Material to process:
###
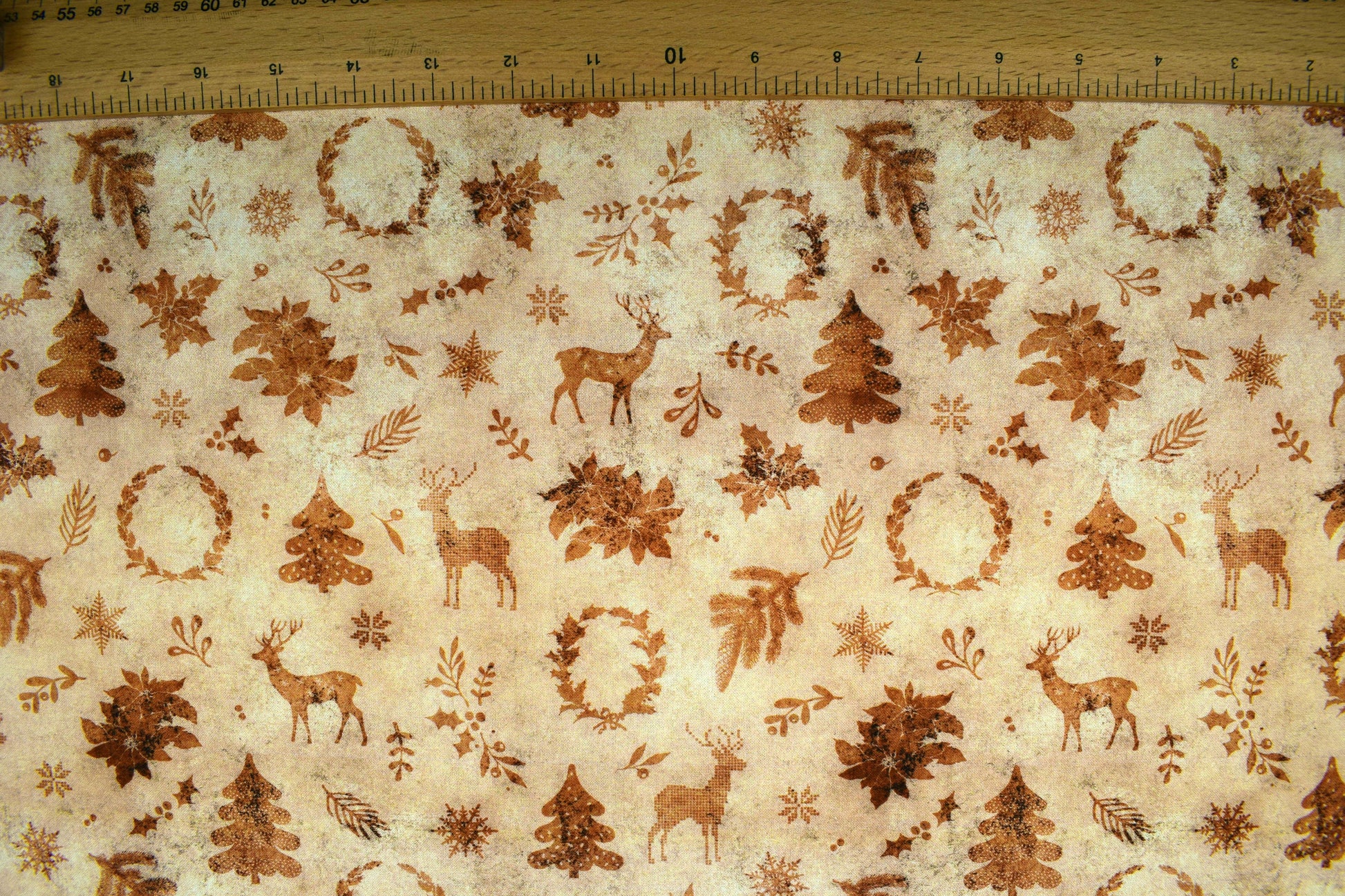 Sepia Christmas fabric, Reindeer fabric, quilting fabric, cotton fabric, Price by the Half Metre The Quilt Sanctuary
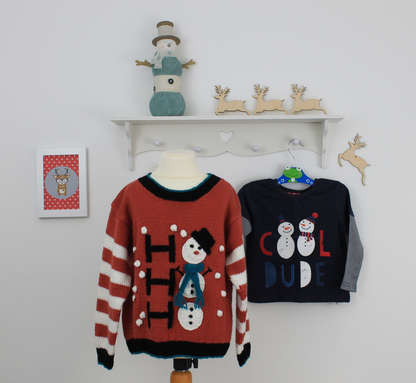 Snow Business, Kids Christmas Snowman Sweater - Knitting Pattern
###
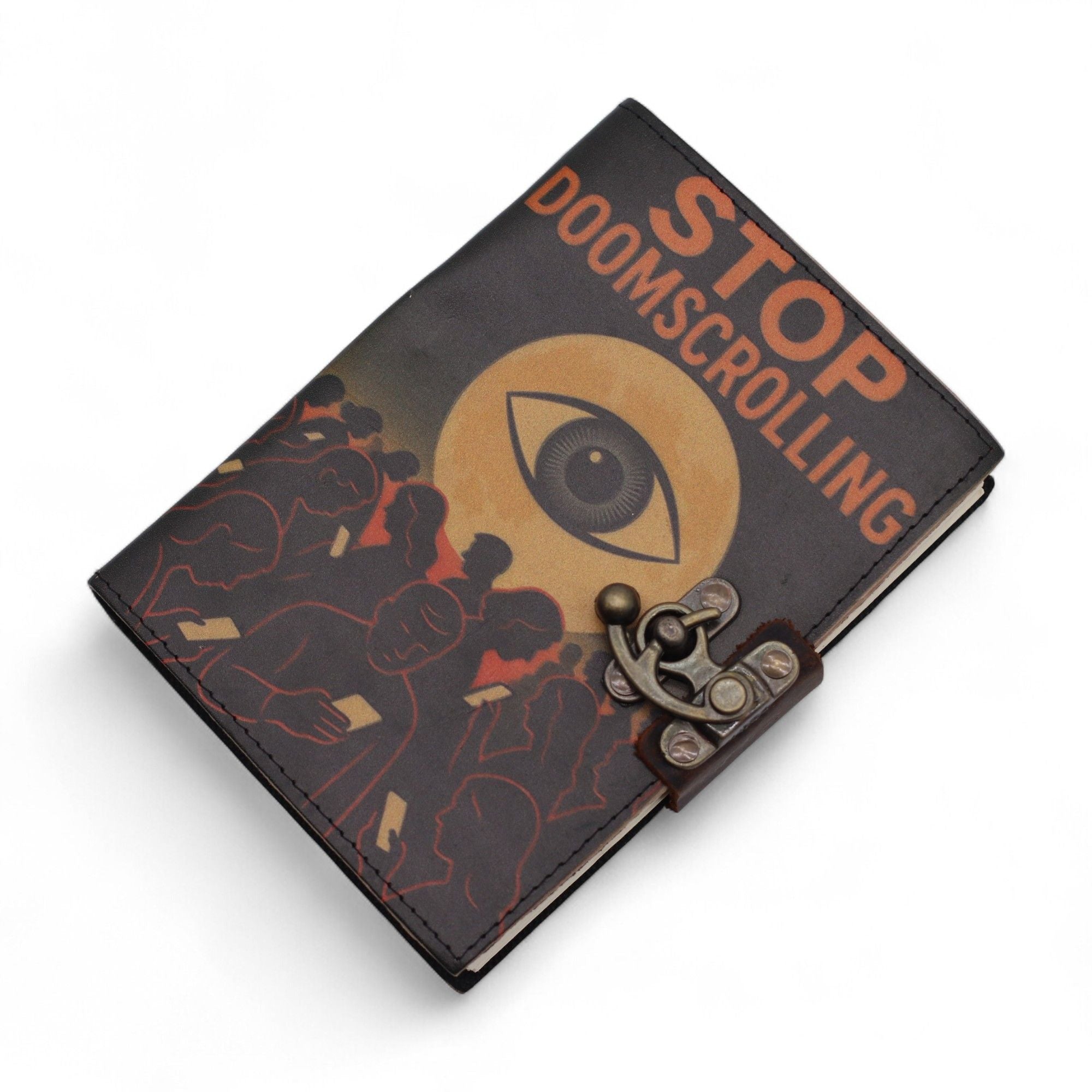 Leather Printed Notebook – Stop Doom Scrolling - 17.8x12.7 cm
###
Task goal: Within these entries, output exactly the lines starting at the one with "Sepia Christmas fabric, Reindeer" and finishing at the one with "Snow Business, Kids". Leave pictures out of the output.

Response below:
 Sepia Christmas fabric, Reindeer fabric, quilting fabric, cotton fabric, Price by the Half Metre The Quilt Sanctuary
 Snow Business, Kids Christmas Snowman Sweater - Knitting Pattern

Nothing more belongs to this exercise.